No pictures belong in the copy. Retype exactly, and only, the stretch of lines below from the one with "River Tree Wealth" through the one with "Vintage 2007 Red".

Raw data:
▼▼▼
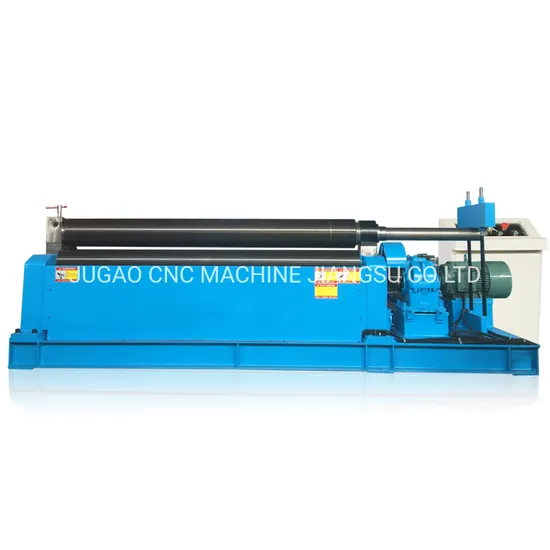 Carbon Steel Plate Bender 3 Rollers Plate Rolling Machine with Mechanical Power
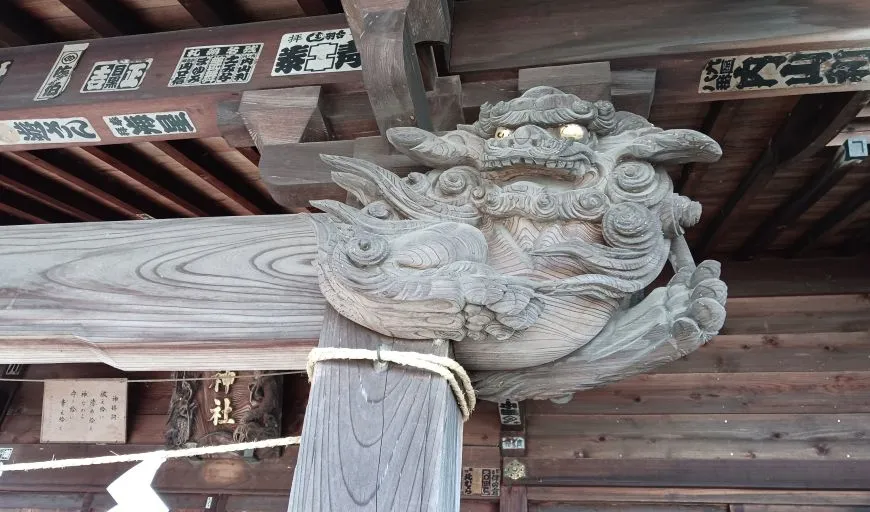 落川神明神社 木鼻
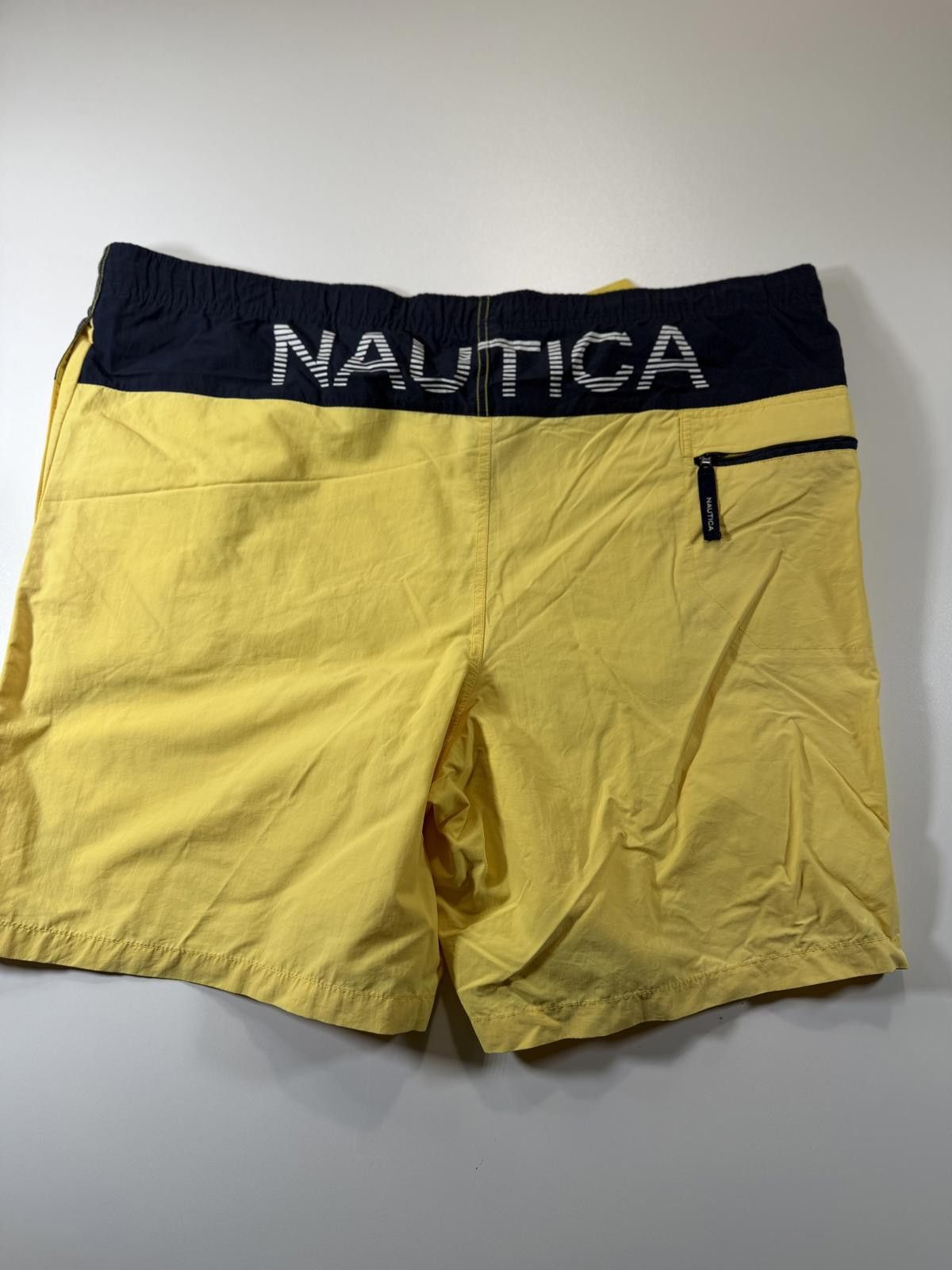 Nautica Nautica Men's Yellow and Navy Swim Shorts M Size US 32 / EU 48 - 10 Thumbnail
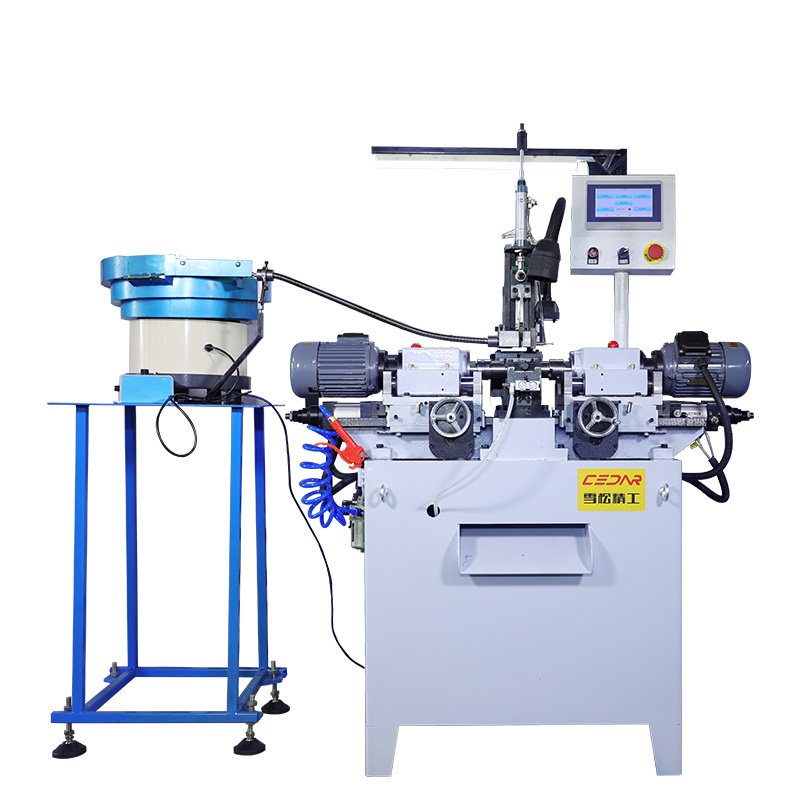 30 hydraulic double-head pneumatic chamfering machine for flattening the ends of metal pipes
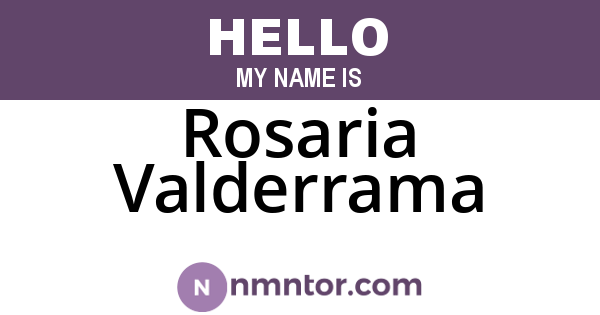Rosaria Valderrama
▲▲▲
▼▼▼
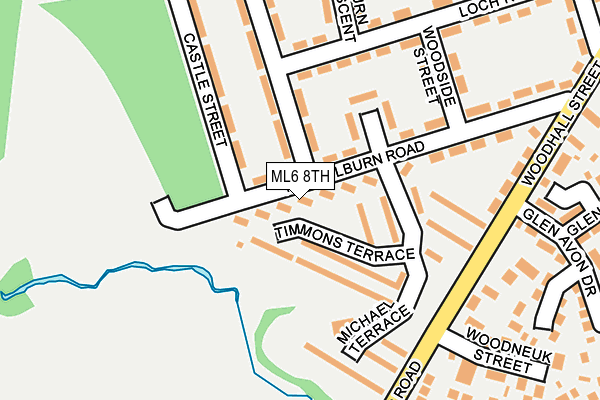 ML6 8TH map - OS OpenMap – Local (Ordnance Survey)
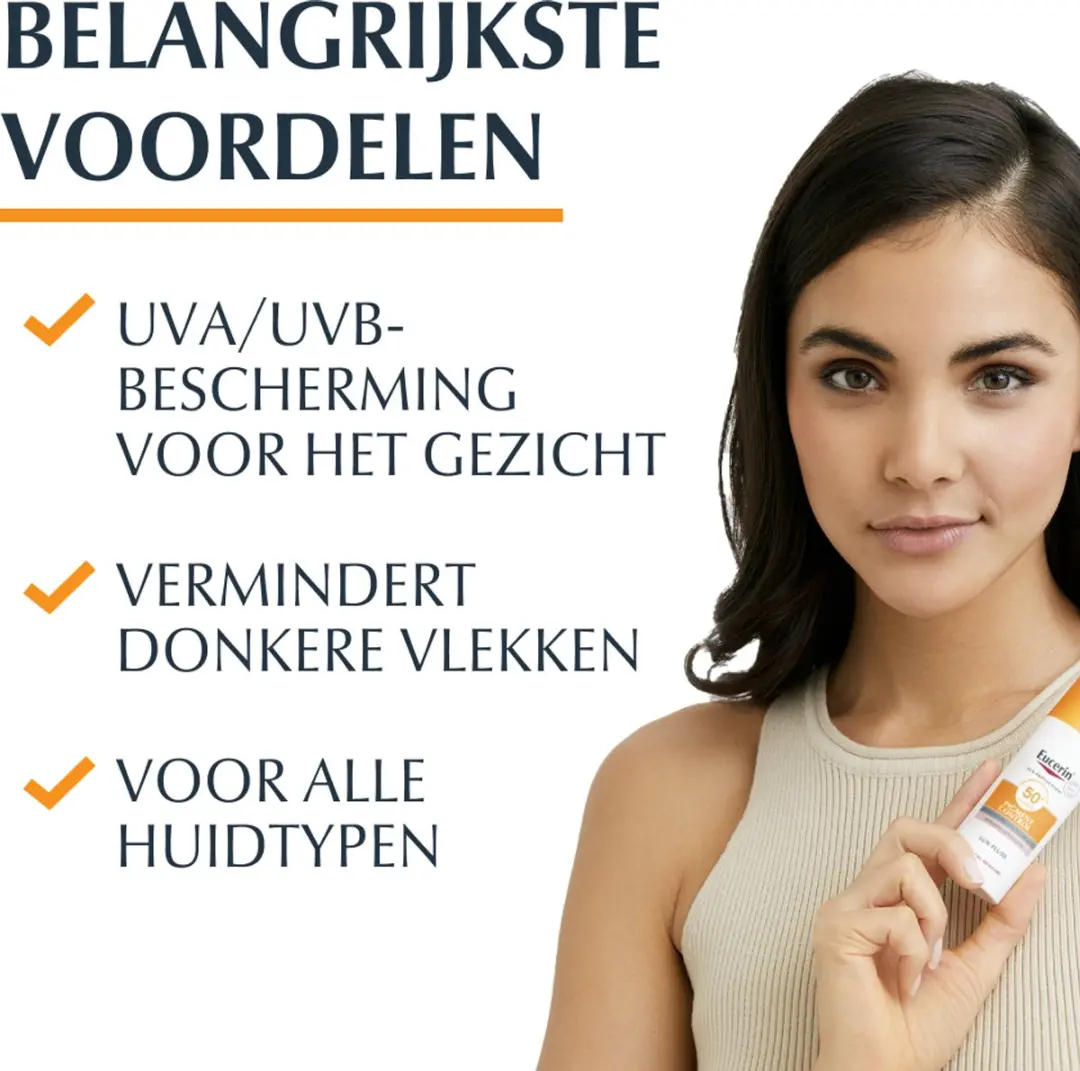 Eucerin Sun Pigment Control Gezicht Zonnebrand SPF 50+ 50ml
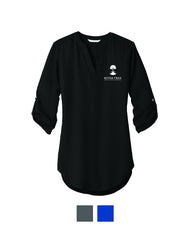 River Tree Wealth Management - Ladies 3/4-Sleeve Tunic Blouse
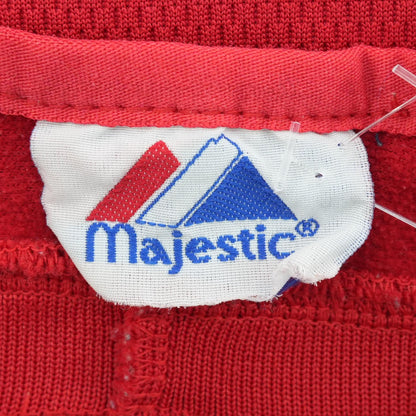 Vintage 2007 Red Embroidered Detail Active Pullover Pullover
▲▲▲
Result below:
 River Tree Wealth Management - Ladies 3/4-Sleeve Tunic Blouse
 Vintage 2007 Red Embroidered Detail Active Pullover Pullover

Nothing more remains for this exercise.